School Time, Winslow Homer c. 1874

Pondering: Where will AI have the most impact?

I was recently reading an article written on Michael Spencer’s Substack, AI Supremacy about the large impact that AI will have on the Biotech industry. Almost halfway through the article, he posed readers a question in the form of a poll: Where does AI have the most potential impact?

Possible answers were:

  • Healthcare
  • Science
  • Education
  • Productivity and GDP
  • Government or Other

The results of this poll surprised me. 48% readers determined that Healthcare would be the area most upended, double the next leading category Productivity and GDP.

Poll results display Healthcare won the most votes

I chalk up this resounding win for Healthcare to the placement of the poll, deep within an article touting the wonders of medicine in an AI-driven future. The author, Marina T Alamanou, makes a strong case for this future.

However, the poll left me thinking. As you can see, I disagreed with the majority. I’d like to explain why Education, not Healthcare, faces the greatest impact from broad AI adoption.

Defining “Impact”

Depending on who you ask, the noun “impact” could mean different things to different folks. As such, there’s ambiguity that must be clarified. For example:

  • Does impact in this context mean solely good outcomes, or does it include bad outcomes too?
  • Does impact consider outputs other than simply profit?
  • Does impact consider effects on processes, techniques, and procedures used to create industry outputs, and not just the outputs themselves?

I must to distill my interpretation to define my position. Impact, in this case, means (or should mean) more than just the bottom line, and more than just good and bad outcomes. These are important considerations, yes, but impact must also be measured with a consideration to affects on processes used to create outputs.

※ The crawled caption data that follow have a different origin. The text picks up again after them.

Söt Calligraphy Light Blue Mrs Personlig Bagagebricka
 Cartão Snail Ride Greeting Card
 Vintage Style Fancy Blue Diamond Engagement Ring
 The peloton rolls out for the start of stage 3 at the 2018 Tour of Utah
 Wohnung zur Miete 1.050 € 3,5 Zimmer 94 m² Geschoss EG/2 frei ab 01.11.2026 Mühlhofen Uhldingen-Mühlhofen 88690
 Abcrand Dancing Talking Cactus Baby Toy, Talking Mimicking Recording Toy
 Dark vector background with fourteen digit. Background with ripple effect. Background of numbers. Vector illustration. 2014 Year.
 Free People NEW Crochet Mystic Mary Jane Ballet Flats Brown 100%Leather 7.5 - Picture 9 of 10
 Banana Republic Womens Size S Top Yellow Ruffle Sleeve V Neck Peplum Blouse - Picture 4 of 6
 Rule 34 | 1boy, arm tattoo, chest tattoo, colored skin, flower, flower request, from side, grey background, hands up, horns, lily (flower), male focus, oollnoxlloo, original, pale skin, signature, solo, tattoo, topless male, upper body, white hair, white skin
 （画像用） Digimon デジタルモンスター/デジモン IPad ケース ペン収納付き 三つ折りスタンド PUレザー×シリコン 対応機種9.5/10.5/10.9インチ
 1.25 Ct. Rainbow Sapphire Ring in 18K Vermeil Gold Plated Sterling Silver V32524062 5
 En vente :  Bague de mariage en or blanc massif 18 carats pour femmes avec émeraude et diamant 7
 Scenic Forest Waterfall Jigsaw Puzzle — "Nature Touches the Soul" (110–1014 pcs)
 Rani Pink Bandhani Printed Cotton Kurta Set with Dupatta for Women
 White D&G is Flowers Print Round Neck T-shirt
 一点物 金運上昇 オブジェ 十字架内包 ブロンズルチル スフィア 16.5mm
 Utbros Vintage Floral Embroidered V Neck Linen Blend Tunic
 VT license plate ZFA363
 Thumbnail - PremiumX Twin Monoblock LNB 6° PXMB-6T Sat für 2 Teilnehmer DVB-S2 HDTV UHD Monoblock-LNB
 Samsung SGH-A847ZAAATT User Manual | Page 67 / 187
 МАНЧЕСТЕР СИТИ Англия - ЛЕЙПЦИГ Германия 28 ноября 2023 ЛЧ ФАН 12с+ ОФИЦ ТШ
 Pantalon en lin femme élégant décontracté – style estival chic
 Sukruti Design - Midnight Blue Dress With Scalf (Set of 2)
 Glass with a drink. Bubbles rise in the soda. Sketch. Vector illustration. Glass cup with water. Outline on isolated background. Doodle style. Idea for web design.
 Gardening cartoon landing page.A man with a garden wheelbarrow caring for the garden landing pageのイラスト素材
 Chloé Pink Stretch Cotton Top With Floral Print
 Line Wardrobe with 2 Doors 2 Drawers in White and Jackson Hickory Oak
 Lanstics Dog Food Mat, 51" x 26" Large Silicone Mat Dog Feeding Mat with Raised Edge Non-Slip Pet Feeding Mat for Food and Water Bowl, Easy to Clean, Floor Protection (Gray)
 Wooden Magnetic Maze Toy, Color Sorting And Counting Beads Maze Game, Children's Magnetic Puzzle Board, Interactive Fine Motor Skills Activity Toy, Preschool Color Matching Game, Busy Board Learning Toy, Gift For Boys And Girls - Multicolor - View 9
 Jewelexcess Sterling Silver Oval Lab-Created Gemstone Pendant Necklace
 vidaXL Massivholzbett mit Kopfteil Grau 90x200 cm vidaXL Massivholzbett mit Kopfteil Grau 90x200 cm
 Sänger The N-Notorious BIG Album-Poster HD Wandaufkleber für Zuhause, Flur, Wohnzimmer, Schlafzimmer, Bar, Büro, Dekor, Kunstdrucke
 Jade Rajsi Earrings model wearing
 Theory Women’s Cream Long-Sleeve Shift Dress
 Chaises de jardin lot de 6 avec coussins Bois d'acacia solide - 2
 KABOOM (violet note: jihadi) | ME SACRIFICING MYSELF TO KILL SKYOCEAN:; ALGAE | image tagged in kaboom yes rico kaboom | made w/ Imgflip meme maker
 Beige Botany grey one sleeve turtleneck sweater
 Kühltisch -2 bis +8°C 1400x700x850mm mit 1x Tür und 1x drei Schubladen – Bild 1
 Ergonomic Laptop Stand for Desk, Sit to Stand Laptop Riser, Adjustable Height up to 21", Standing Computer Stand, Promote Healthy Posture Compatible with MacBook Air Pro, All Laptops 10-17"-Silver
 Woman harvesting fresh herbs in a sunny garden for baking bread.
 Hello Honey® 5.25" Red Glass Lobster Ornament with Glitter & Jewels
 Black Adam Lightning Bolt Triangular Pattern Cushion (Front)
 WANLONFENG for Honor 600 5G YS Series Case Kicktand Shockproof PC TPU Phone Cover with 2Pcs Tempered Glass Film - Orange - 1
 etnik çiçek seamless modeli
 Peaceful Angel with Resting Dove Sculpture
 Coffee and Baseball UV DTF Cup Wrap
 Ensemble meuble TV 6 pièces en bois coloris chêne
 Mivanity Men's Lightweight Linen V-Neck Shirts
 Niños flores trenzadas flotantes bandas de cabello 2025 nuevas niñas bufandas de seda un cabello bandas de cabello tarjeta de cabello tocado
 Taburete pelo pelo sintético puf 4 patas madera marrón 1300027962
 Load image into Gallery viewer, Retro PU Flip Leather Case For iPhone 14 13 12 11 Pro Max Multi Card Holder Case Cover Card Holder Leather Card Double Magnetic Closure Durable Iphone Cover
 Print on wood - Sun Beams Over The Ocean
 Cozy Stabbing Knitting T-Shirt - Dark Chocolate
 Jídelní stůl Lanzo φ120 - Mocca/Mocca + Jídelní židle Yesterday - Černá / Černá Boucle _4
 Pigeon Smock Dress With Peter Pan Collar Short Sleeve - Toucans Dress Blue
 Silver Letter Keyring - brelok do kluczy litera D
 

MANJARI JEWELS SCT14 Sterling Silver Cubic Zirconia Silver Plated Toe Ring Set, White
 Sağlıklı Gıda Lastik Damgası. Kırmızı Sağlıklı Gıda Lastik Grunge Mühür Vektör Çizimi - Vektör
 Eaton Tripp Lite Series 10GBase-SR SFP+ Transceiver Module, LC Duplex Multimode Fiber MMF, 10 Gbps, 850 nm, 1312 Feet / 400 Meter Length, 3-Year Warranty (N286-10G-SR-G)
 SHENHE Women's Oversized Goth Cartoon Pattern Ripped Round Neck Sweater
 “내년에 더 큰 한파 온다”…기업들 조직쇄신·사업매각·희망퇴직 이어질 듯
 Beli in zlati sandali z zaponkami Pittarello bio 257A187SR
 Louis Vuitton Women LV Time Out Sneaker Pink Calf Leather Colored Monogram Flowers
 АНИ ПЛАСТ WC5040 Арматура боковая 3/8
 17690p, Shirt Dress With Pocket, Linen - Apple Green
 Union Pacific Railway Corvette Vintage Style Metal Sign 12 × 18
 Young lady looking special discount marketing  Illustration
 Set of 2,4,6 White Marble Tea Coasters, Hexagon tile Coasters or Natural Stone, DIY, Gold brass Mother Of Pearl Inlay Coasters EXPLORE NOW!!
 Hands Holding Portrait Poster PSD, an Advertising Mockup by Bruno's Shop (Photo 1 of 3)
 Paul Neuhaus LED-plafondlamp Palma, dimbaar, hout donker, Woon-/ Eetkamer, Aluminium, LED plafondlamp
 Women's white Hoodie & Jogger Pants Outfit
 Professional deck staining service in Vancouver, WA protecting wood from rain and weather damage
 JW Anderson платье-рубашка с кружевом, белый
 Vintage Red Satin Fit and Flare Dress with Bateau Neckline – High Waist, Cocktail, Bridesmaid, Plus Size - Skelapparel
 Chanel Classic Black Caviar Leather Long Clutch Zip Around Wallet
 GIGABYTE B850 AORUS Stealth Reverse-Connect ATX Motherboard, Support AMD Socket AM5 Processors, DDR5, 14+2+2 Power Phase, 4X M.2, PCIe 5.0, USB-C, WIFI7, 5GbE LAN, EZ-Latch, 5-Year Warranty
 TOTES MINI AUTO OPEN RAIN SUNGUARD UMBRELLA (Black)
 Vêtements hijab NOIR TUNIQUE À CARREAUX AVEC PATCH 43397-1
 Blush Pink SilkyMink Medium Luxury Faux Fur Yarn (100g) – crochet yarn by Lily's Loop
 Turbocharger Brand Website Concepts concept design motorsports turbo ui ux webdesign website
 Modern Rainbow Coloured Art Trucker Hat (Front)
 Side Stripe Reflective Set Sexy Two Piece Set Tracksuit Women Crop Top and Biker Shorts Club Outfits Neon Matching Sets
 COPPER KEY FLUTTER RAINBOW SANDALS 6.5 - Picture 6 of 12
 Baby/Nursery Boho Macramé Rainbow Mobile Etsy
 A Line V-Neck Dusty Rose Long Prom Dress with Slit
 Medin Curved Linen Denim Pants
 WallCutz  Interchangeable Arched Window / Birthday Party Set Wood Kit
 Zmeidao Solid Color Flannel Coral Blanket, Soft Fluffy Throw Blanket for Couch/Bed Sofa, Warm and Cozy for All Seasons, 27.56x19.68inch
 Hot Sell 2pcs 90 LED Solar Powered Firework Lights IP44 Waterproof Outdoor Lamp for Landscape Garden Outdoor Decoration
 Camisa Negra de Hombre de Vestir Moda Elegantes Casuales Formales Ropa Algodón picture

A brief example, to demonstrate. One measuring the impact of AI on healthcare could measure it simply by noting increases in profit. How much more money do healthcare companies make? However, this is only part of the impact and doesn’t tell the whole story. One could expand the scope of their measurement to include other outputs, such as new drugs on the market. Are healthcare companies treating more diseases with their output of new drugs? This is better, but still lacks. To understand the full picture, one must additionally consider changes to processes used to create outputs. To what extent does AI impact the R&D processes that create safe drugs? Does AI interfere with the scientific method used to find medicinal molecules?

An important factor to consider is the depth to which processes are altered by an innovation such as AI. Impact is minimal if AI utilization can simply accelerate or slot into existing processes. Impact is maximal if AI renders processes entirely useless, in need of total rebuilding. Such rebuilds require the fundamental reconstitution of the industry because it no longer has the same processes, which necessarily means it no longer has the same outputs. This is the crux of my argument.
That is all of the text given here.